The Transportation Security Administration (TSA) is defending an officer’s pat-down of a boy at a Texas airport that outraged his mother and thousands and thousands of people who viewed her Facebook posting on the incident.
For at least two minutes, the TSA officer at Dallas/Fort Worth International Airport gives the boy a going-over that just seems a little too thorough.
First, the TSA officer explains to the boy what’s coming. Then the TSA officer, who is wearing blue gloves, moves behind the kid and starts with a search of the kid’s left shoulder. Nothing there. Then the right shoulder. Nothing there, either. The kid’s only wearing a T-shirt after all.
Then the TSA officer runs the back of his gloved hand down the kid’s back four times. Then he runs his hands up and down the kid’s torso on both sides.
Then the TSA officer examines the waistband of the kid’s shorts with the sort of painstaking care a tailor might show while taking in a seam. Then the TSA officer runs the back of his hand down the kid’s buttocks and upper leg on the left side six times or so, with a few on the right side for good measure. Then he wraps his big manly hands around the kid’s hams.
Now it’s time to move around to the front. The TSA officer frisks the kid’s shoulders again – you never know when you’re going to find an armpit bomb. Then down the torso again. Then it’s time to fuss at the waistband some more. Then the TSA officer runs the back of his hands down the front of the kid’s upper leg. More ham-gripping.

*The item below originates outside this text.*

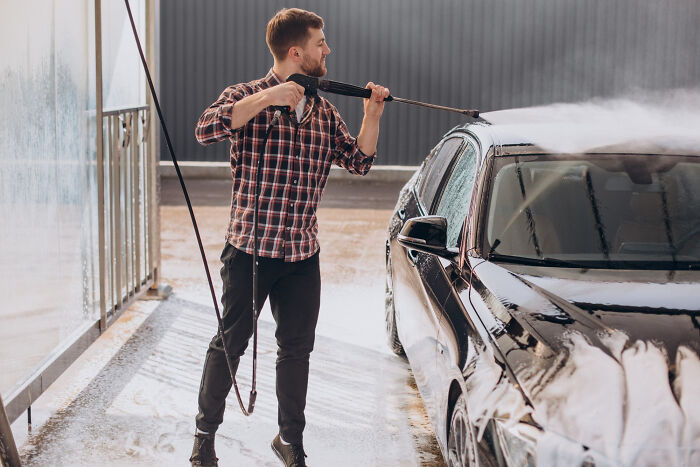Young man washing a black car with a pressure washer, illustrating life after the glory days of high school stars.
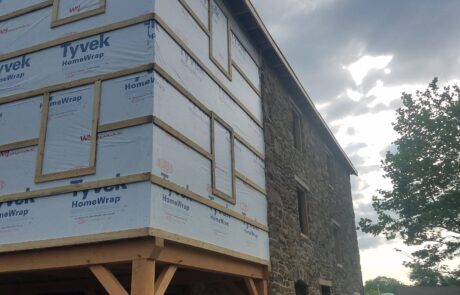 home wrap on stone building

Phew. All done. The kindly TSA officer steps away as if the ordeal’s over but – nope, he’s back at the kid’s crotch again.

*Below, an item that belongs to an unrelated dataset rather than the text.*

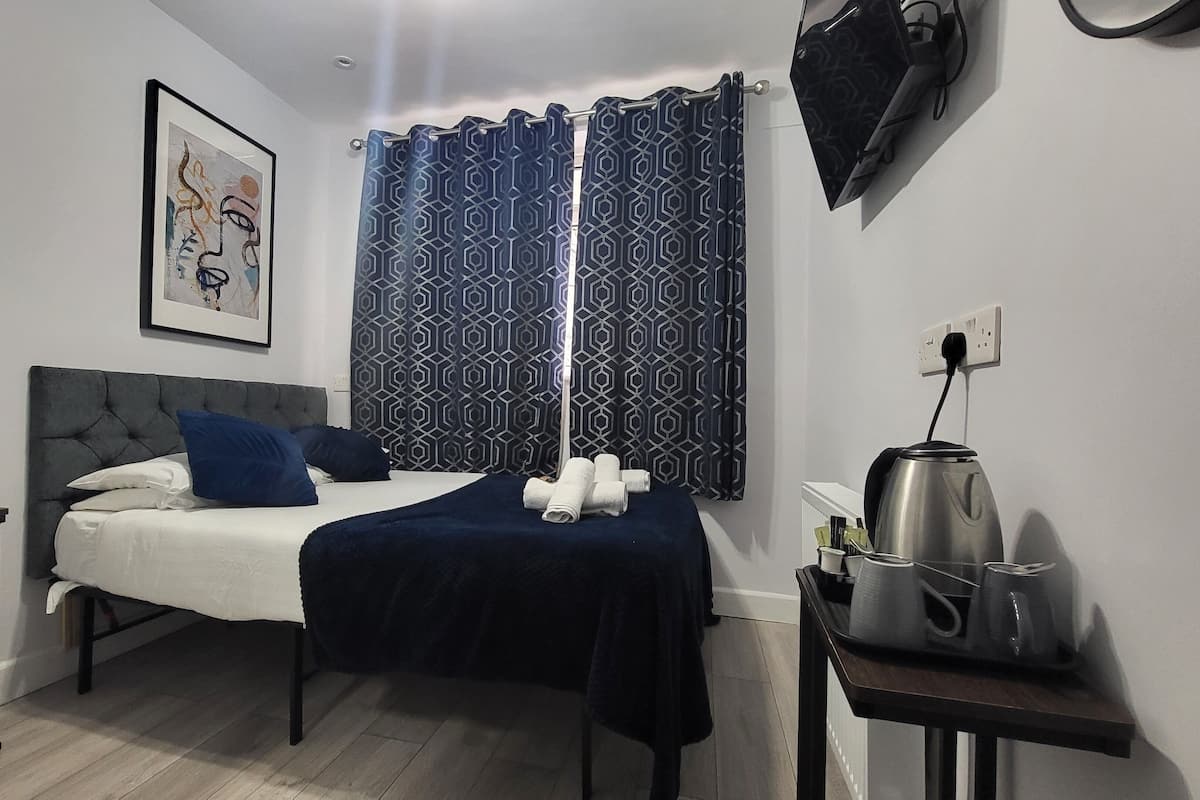 Habitación de hotel moderna con una cama bien hecha, una mesita de noche con lámpara, un hervidor y una pequeña mesa con artículos de aseo.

Take a look, as more than 5 million other people have so far. It looks like the TSA officer’s giving the poor kid a sponge bath, not a pat-down.
“We have been through hell this morning,” the boy’s mother, Jennifer Williamson wrote on Facebook. Williamson, who did not give her son’s age, said she had asked the TSA treat him in a way that would not aggravate his disability, known as a sensory processing disorder.
“He set off NO alarms,” Williamson writes on her Facebook page. “He physically did not alarm at all during screening, he passed through the detector just fine. He is still several hours later saying ‘I don’t know what I did. What did I do?’”
She didn’t respond to a request for comment made through Facebook. In her posting, however, she said her son’s screening took so long they missed their flight.
“I am livid,” Williamson writes. “I wish I had taped the entire interchange because it was horrifying.”
The TSA said it was just following orders.
“TSA allows for a pat-down of a teenage passenger, and in this case, all approved procedures were followed to resolve an alarm of the passenger’s laptop,” spokeswoman Lisa Farbstein said in an email. “The video shows a male TSA officer explaining the procedure to the passenger, who fully cooperates. Afterward, the TSA officer was instructed by his supervisor, who was observing, to complete the final step of the screening process.
“In total, the pat-down took approximately two minutes, and was observed by the mother and two police officers who were called to mitigate the concerns of the mother. The passengers were at the checkpoint for approximately 45 minutes, which included the time it took to discuss screening procedures with the mother and to screen three carry-on items that required further inspection.”
No word on what sort of pat-down the laptop received.
Look, we get it. Terrorists are trying to defeat airport security anyplace they can, and the TSA can’t afford to be wrong even once. But this kid’s mother is right: the slow-hand Texas pat-down of a scared kid was over the top.